Esos detalles desfilaron por la fachada de la Catedral de Ciutadella el pasado sábado. Ocurrió algo: la emoción hizo que algunos nos olvidásemos por completo de dónde estábamos, de algunos espectadores incapaces de guardar el teléfono en el bolsillo durante 96 minutos o de la potente luz del escaparate de un establecimiento de la plaza, que ojalá se apagara antes, excepcionalmente, durante los dos o tres días al año en los que el cine al aire libre se proyecta en este espacio, en un festival que es ya esencial, para residentes y visitantes, en el verano cultural de la Isla.
Nada pudo, de todos modos, con lo íntimo de la película.
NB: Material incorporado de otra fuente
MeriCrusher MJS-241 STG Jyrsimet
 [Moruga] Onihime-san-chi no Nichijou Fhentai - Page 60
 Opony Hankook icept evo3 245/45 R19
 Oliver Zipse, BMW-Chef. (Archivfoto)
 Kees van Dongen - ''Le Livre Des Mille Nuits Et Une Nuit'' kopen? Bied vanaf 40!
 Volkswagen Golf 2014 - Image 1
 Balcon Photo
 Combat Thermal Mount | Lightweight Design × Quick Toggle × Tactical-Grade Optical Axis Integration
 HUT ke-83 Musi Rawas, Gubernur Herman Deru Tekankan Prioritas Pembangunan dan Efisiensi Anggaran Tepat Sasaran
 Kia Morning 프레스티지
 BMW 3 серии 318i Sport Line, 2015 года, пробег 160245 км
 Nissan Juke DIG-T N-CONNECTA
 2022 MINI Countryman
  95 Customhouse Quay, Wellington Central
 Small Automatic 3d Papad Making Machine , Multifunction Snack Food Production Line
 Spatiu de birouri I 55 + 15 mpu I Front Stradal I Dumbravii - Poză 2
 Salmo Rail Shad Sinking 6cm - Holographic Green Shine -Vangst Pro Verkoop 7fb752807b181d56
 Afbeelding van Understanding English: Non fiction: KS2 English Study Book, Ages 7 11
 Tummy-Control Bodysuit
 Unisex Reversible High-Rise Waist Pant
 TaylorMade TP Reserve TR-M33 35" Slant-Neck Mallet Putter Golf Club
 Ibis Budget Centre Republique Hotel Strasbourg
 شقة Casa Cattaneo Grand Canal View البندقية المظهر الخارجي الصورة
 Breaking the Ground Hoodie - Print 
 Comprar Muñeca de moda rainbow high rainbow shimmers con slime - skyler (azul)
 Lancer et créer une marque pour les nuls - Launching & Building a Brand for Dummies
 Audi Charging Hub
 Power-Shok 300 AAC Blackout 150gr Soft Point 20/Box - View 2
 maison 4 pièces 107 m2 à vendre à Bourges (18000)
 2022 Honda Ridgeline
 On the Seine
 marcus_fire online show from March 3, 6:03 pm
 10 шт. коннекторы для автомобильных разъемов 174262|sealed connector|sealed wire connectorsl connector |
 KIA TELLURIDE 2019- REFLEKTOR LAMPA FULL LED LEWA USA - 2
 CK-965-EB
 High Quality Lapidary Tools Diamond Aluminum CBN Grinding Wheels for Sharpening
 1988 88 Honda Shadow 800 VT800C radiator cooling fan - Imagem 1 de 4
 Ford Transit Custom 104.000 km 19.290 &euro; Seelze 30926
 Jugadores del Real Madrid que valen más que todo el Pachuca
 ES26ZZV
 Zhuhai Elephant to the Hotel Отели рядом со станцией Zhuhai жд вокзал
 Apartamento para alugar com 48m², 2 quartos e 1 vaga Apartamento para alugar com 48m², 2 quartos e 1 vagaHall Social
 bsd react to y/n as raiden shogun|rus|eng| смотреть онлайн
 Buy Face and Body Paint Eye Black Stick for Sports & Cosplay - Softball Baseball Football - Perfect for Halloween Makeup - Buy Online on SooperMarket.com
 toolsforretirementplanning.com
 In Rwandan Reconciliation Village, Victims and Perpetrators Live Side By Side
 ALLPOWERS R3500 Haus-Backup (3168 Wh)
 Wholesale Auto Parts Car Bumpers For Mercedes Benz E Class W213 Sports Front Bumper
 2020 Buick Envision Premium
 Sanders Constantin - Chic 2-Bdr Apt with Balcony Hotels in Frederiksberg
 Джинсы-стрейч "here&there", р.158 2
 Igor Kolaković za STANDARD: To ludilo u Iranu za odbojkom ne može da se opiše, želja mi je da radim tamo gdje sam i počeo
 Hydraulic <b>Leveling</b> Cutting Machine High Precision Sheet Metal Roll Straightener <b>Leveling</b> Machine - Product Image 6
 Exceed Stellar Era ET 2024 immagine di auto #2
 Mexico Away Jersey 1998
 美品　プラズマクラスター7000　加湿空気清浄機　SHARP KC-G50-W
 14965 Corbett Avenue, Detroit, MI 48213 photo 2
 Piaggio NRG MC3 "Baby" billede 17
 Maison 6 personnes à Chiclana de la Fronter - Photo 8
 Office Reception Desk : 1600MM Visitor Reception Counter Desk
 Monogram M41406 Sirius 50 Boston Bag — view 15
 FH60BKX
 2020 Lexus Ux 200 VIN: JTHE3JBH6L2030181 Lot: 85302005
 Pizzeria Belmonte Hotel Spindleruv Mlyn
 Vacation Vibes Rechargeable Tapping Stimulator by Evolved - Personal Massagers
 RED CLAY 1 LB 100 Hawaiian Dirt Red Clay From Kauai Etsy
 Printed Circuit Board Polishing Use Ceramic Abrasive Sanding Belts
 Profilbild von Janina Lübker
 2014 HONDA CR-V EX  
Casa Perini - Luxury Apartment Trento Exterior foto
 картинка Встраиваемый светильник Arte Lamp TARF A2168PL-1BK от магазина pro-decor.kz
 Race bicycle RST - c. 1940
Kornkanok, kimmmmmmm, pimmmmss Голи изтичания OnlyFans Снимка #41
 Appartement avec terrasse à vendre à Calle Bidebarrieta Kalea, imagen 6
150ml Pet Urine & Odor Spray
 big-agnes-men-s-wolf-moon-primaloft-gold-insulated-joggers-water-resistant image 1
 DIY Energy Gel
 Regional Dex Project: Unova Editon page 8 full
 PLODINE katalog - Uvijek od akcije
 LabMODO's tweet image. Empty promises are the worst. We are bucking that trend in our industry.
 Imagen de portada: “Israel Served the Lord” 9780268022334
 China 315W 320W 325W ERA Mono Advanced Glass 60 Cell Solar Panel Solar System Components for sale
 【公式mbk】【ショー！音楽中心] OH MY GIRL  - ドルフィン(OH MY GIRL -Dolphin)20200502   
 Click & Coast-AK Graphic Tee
Parte de la magia de «Estiu 1993», rodado en catalán, es que la cámara se esfuma. La cámara (invisible) sigue a una niña de seis años, Frida y el corazón late como si de verdad todo eso estuviera pasando: es más, como si nos estuviera pasando. Frida, encarnada por Laia Artigas, ha perdido a sus padres —igual que Simón perdió a su madre a causa del sida, después de haber perdido también al padre, en ese verano que lo cambió todo— y es adoptada por sus tíos, que la llevan a su casa, en pleno campo, en busca de su sitio en su nuevo mundo. La muerte es una incógnita cuando se tienen seis años y esta película es capaz de apresar algunos de esos huecos: ¿hay sangre cuando alguien muere? Los ojos atentos de la niña van recogiendo las piezas sueltas que los adultos dejan caer desde el piso de arriba —porque se ha quedado una ventana abierta— o desde lo alto de la mesa después de comer: ¿carta?, ¿qué carta? Y así fuimos en Ciutadella respirando con Frida, a su ritmo, tan lento en algunas escenas como el que marca la vida algunos días, y con varias de ellas memorables: como esa en la que Frida, disfrazada, jugando con la otra gran estrella de la película, su pequeña hermana/prima Anna (Paula Robles), consigue que la madre, la gran presencia ausente, se materialice durante unos cuantos minutos para poder echarla todos de menos.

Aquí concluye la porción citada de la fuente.